SQLAchemy-iris with the latest version Python driver

Article

Open Exchange

#Contest #Python #SQL #InterSystems IRIS

After so many years of waiting, we finally got an official driver available on Pypi

Additionally, found JDBC driver finally available on Maven already for 3 months, and .Net driver on Nuget more than a month.

As an author of so many implementations of IRIS support for various Python libraries, I wanted to check it. Implementation of DB-API means that it should be replaceable and at least functions defined in the standard. The only difference should be in SQL.

And the beauty of using already existing libraries, that they already implemented other databases by using DB-API standard, and these libraries already expect how driver should work.

I decided to test InterSystems official driver by implementing its support in SQLAlchemy-iris library.

executemany

Prepare a database operation (query or command) and then execute it against all parameter sequences or mappings found in the sequence seq_of_parameters.
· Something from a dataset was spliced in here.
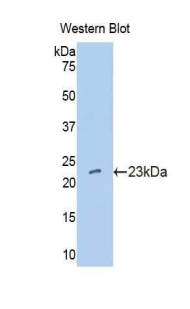 IFNA10 / Interferon Alpha 10 Antibody - Western blot of recombinant IFNA10.  This image was taken for the unconjugated form of this product. Other forms have not been tested.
Very helpful function, whish let insert multiple rows at once. Let's start with a simple example

import iris

host = "localhost"
port = 1972
namespace = "USER"
username = "_SYSTEM"
password = "SYS"
conn = iris.connect(
    host,
    port,
    namespace,
    username,
    password,
)

with conn.cursor() as cursor:
    cursor = conn.cursor()

    res = cursor.execute("DROP TABLE IF EXISTS test")
    res = cursor.execute(
        """
    CREATE TABLE test (
            id IDENTITY NOT NULL,
            value VARCHAR(50)
    ) WITH %CLASSPARAMETER ALLOWIDENTITYINSERT = 1
    """
    )

    cursor = conn.cursor()
    res = cursor.executemany(
        "INSERT INTO test (id, value) VALUES (?, ?)", [
            (1, 'val1'),
            (2, 'val2'),
            (3, 'val3'),
            (4, 'val4'),
        ]
    )

This is working fine, but what if we need to insert only one value per row.
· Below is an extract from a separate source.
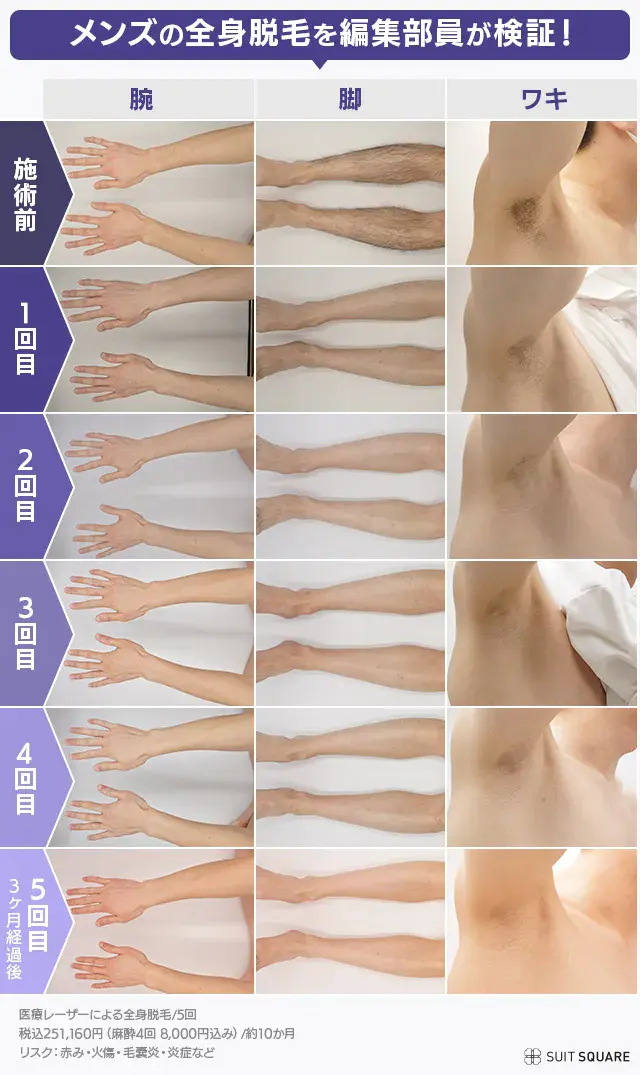 編集部員がメンズ全身脱毛5回通った効果検証画像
    res = cursor.executemany(
        "INSERT INTO test (value) VALUES (?)", [
            ('val1', ),
            ('val2', ),
            ('val3', ),
            ('val4', ),
        ]
    )

This unfortunately leads to an unexpected exception

RuntimeError: Cannot use list/tuple for single values

By some reason, one value per row is allowed, and InterSystems requires using a different way

    res = cursor.executemany(
        "INSERT INTO test (value) VALUES (?)", [
            'val1',
            'val2',
            'val3',
            'val4',
        ]
    )

This way it's working fine

fetchone

Fetch the next row of a query result set, returning a single sequence, or None when no more data is available.

For instance simple example on sqlite

import sqlite3
con = sqlite3.connect(":memory:")

cur = con.cursor()
cur.execute("SELECT 1 one, 2 two")
onerow = cur.fetchone()
print('onerow', type(onerow), onerow)
cur.execute("SELECT 1 one, 2 two union all select '01' as one, '02' as two")
allrows = cur.fetchall()
print('allrows', type(allrows), allrows)

gives

onerow <class 'tuple'> (1, 2)
allrows <class 'list'> [(1, 2), ('01', '02')]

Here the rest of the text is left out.